Record extracts: Begin

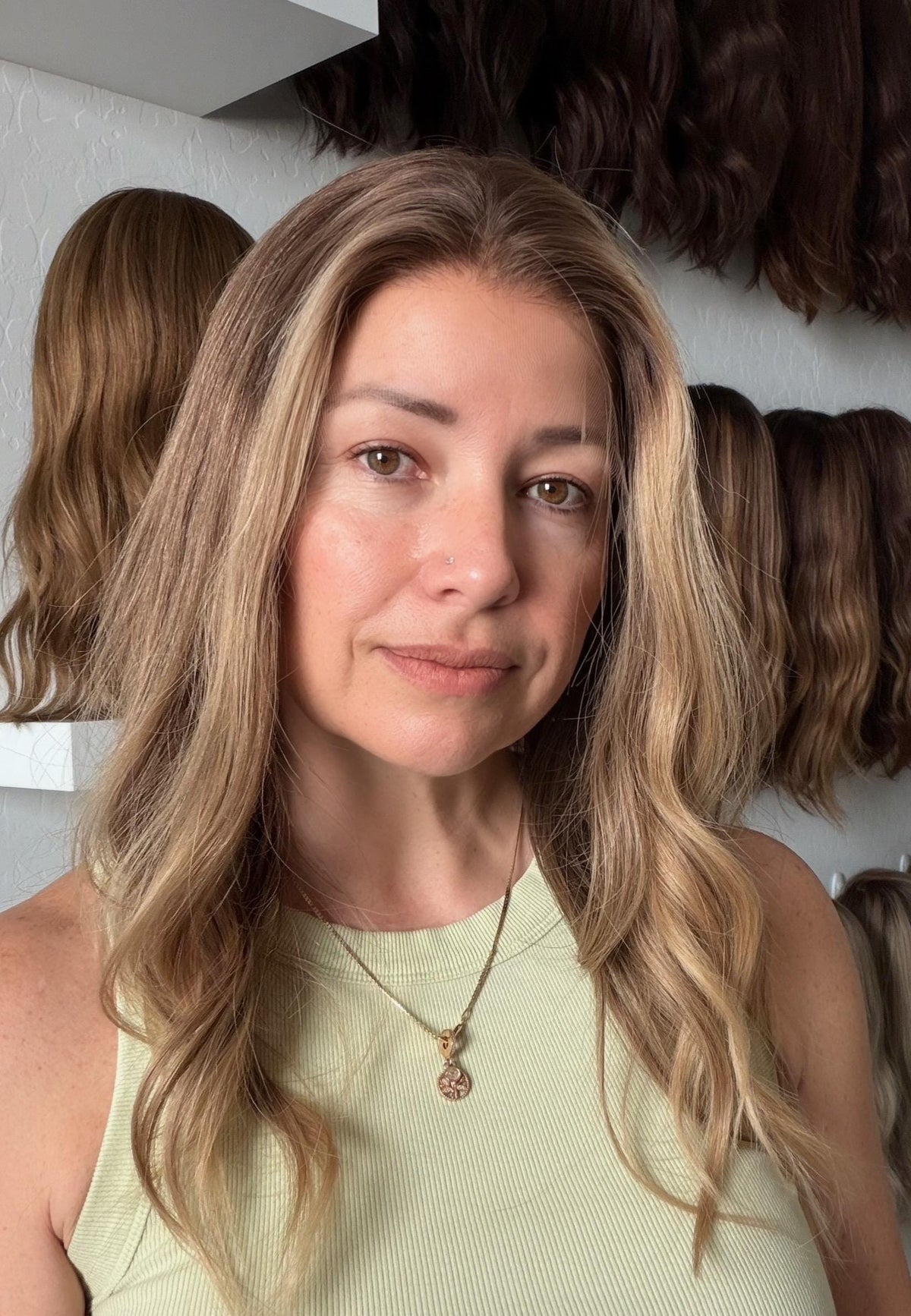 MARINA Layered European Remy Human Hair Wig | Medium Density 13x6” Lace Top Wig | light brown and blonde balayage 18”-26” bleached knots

Record extracts: End
Record extracts: Begin

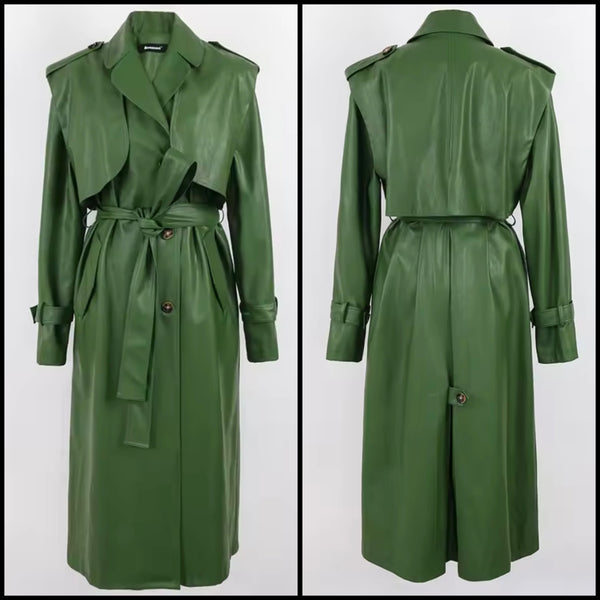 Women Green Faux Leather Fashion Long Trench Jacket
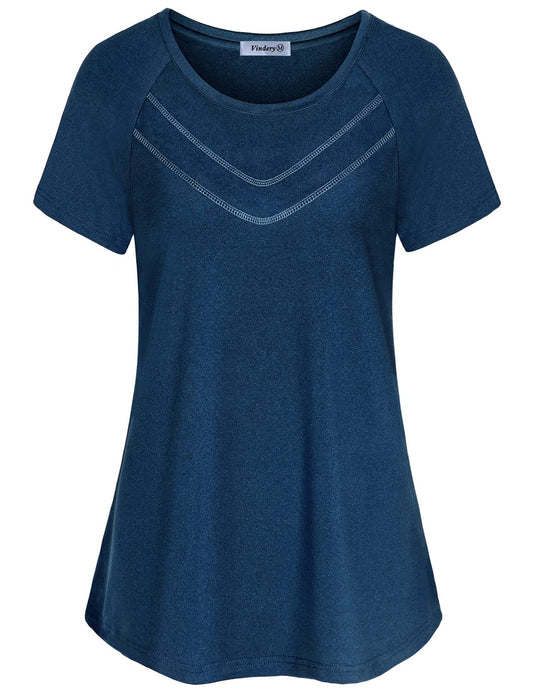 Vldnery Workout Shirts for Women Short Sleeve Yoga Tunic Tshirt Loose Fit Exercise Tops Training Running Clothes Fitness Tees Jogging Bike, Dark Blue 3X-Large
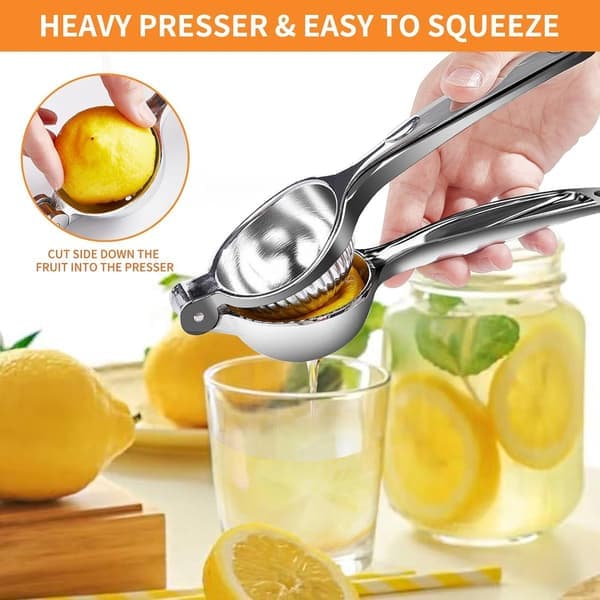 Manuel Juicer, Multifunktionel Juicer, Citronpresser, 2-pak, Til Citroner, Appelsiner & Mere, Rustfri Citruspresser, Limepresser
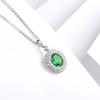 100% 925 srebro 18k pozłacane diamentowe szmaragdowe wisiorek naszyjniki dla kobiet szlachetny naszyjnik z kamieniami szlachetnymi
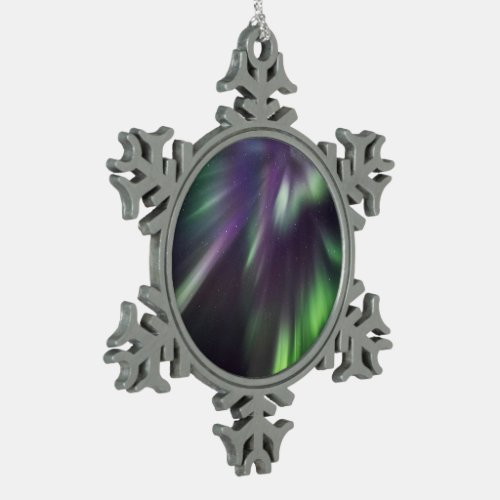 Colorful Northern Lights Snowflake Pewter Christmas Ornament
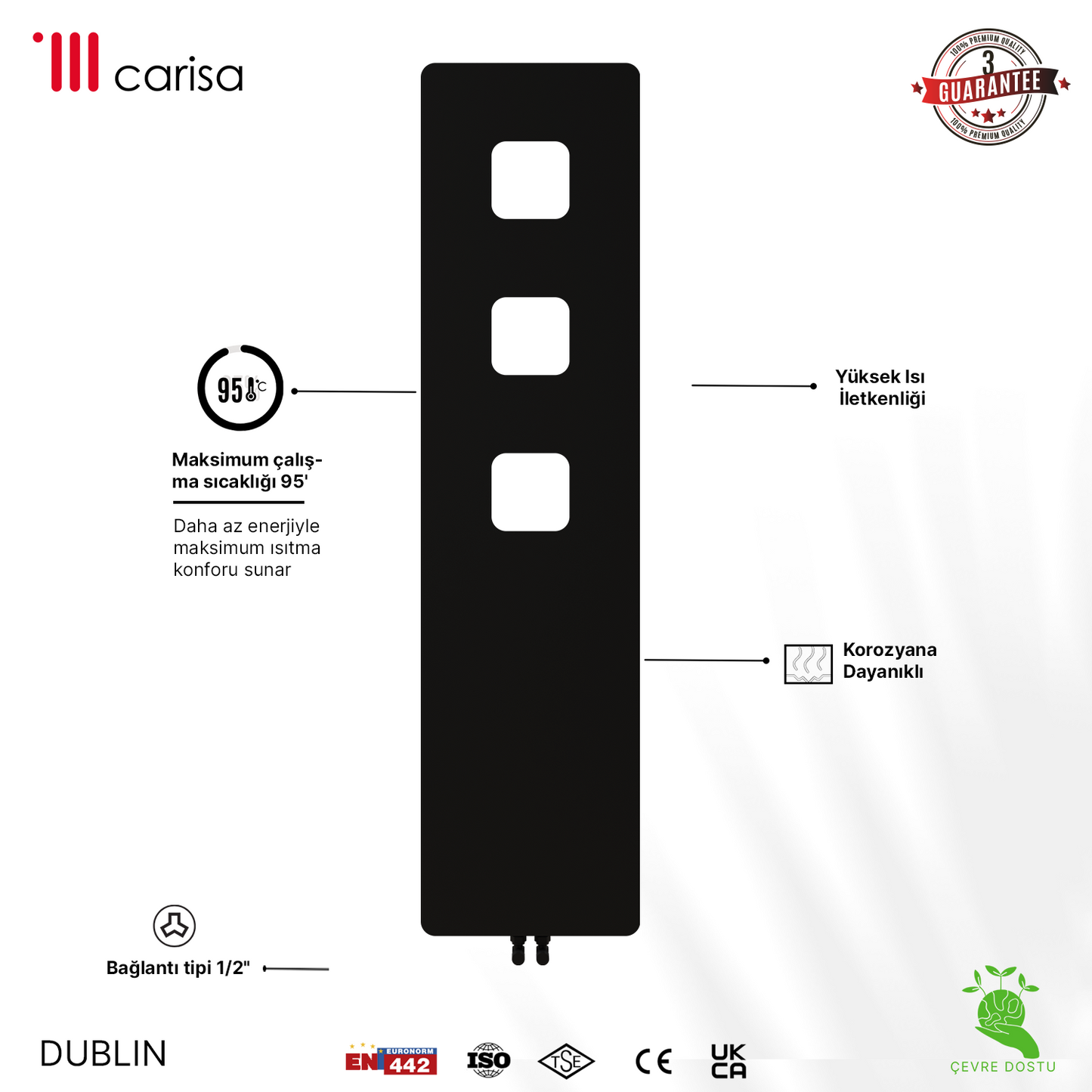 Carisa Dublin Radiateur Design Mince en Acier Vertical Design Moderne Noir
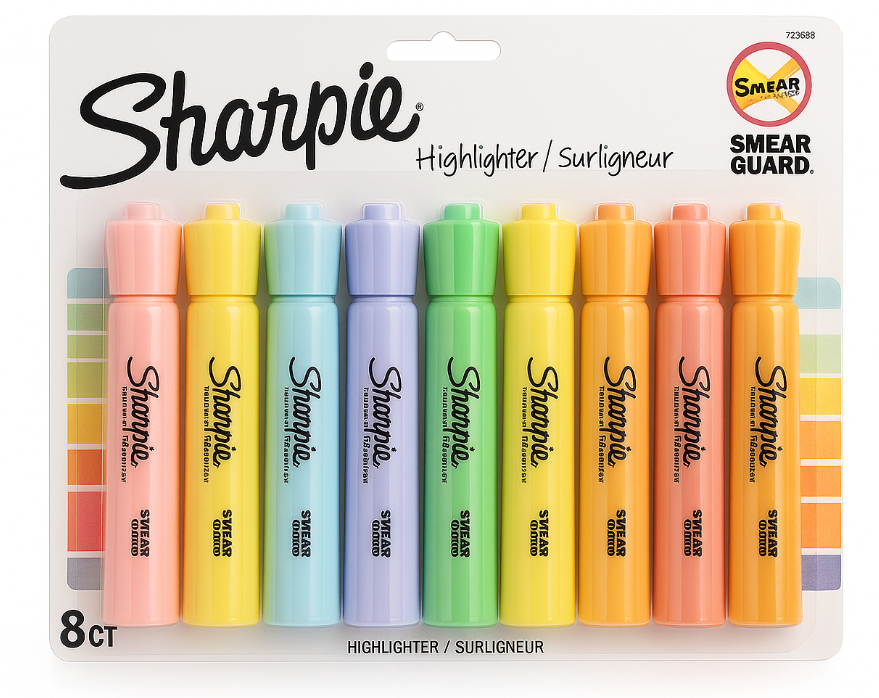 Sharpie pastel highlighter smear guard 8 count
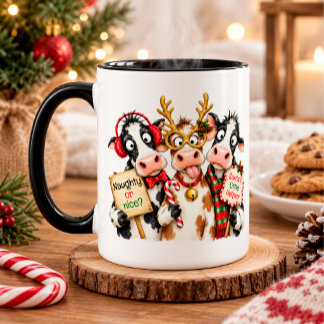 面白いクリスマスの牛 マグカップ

Record extracts: End
Record extracts: Begin

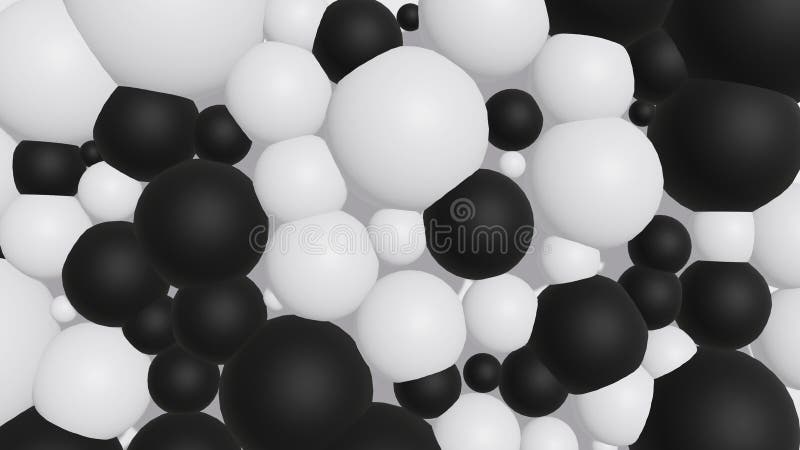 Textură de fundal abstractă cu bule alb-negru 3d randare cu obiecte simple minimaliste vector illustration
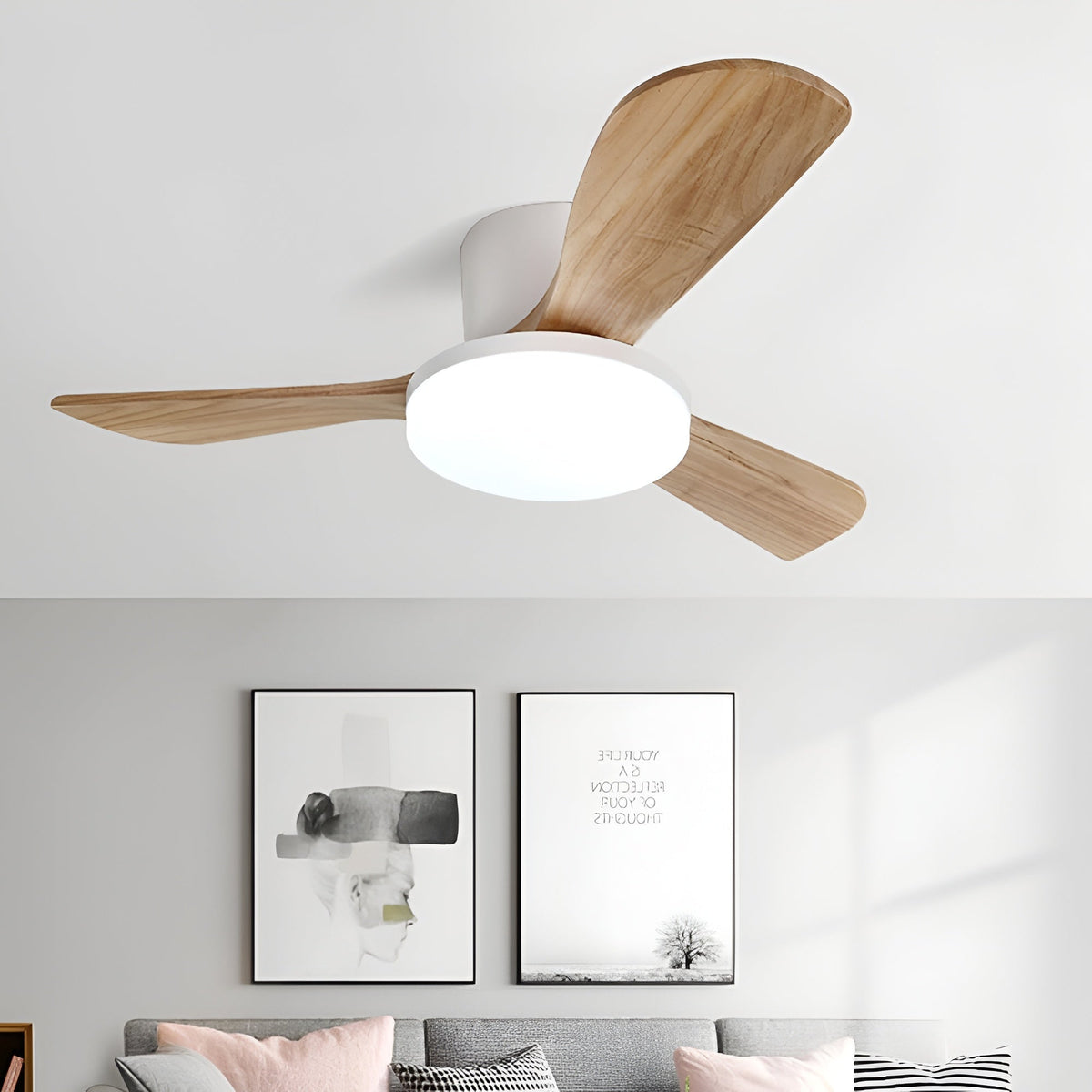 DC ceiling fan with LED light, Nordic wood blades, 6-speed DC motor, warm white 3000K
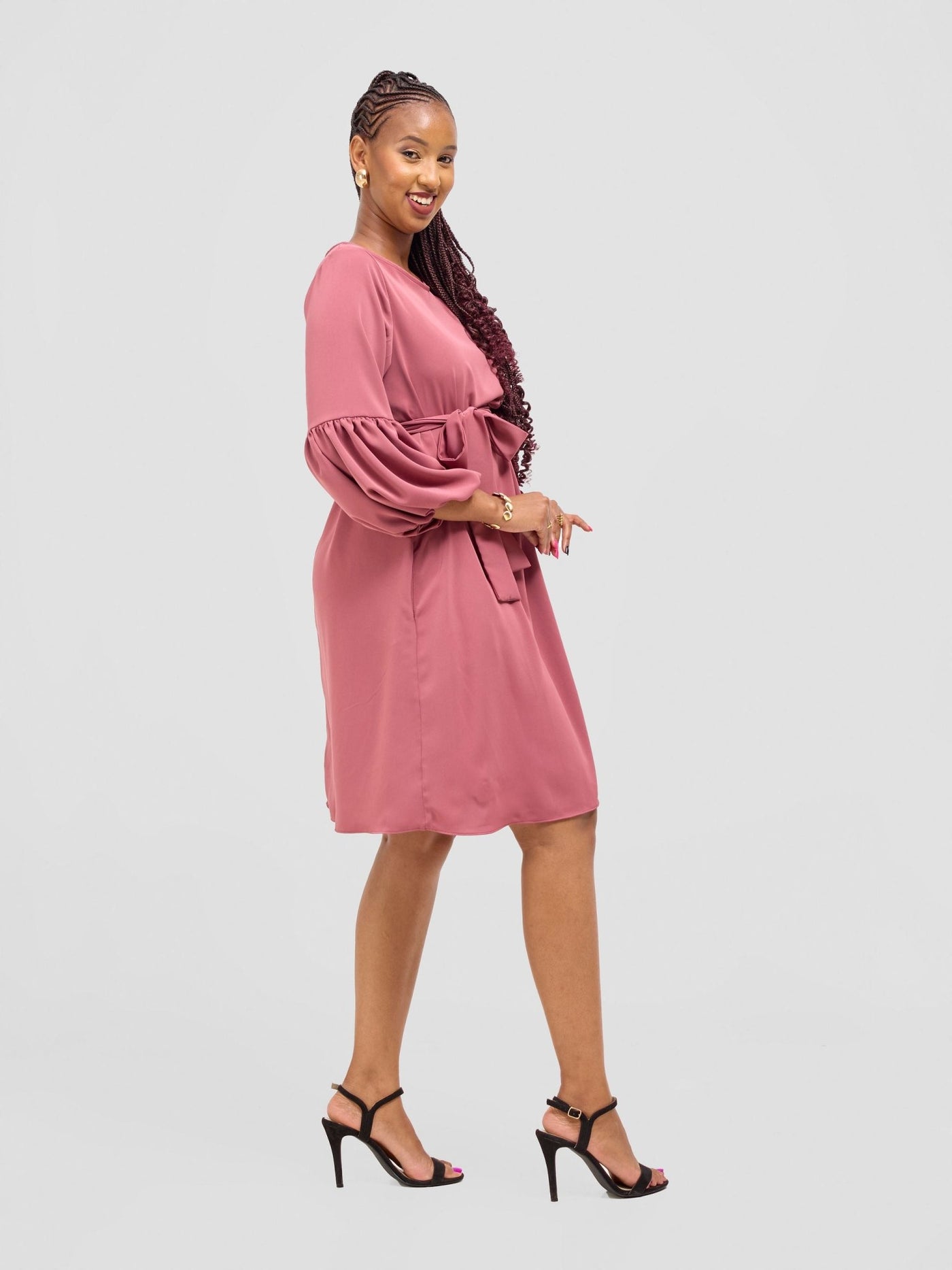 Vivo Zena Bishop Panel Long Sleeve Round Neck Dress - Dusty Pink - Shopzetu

Record extracts: End

• [Required work]:
Reproduce exactly, with no pictures, the lines above from the one holding "Carisa Dublin Radiateur" to the one holding "面白いクリスマスの牛 マグカップ", inclusive.

• [Solved exercise]:
 Carisa Dublin Radiateur Design Mince en Acier Vertical Design Moderne Noir
 Sharpie pastel highlighter smear guard 8 count
 面白いクリスマスの牛 マグカップ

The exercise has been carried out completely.